Researchers at the Cockrell School of Engineering have created the first transistors out of silicene, the world’s thinnest silicon material. This new “wonder material” could make computers and other electronics more efficient.

Made of a one-atom-thick layer of silicon atoms, silicene is incredibly promising in the semiconductor industry, but it’s also difficult to work with and faces some challenges before it can be used in practical applications. Deji Akinwande, assistant professor in the school’s Department of Electrical and Computer Engineering, and his team solved one of these challenges in demonstrating that silicene can be made into transistors — a semiconductor device used to amplify and switch electronic signals and electrical power.

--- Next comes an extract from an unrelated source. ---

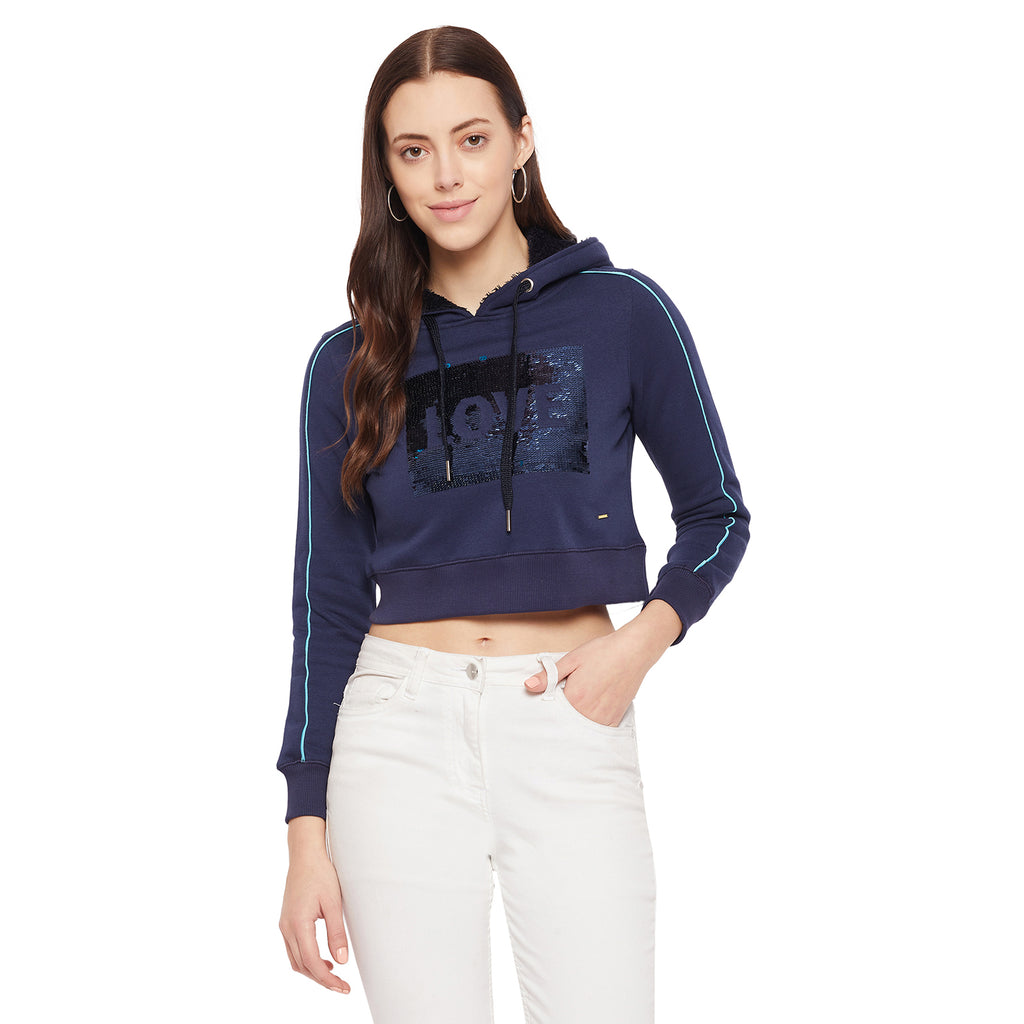 Duke Urban Women Hooded Crop Sweatshirt (LFX762)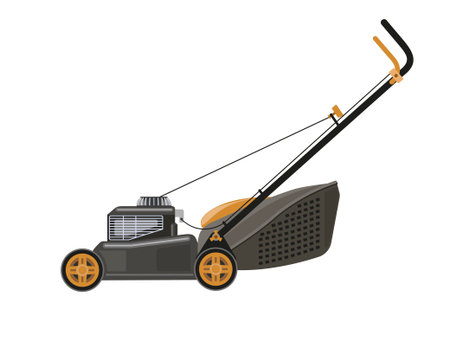 Lawn mower, vector illustration on white backgroundのイラスト素材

Akinwande and his team’s first-of-their-kind devices represent the thinnest of any semiconductor material, a long-standing dream of the chip industry, and could pave the way for future generations of faster computer chips. The work was published today in the journal Nature Nanotechnology.

Learn more about Akinwande's breakthrough:
Atom-Thick Silicon Makes Crazy-Fast Transistors, MIT Tech Review
Graphene’s cousin silicene makes transistor debut, Nature

Akinwande is the Jack Kilby/Texas Instruments Faculty Fellow in Computer Engineering and is a member of UT Austin's Nanomanufacturing Systems for Mobile Computing and Mobile Energy Technologies (NASCENT) Center.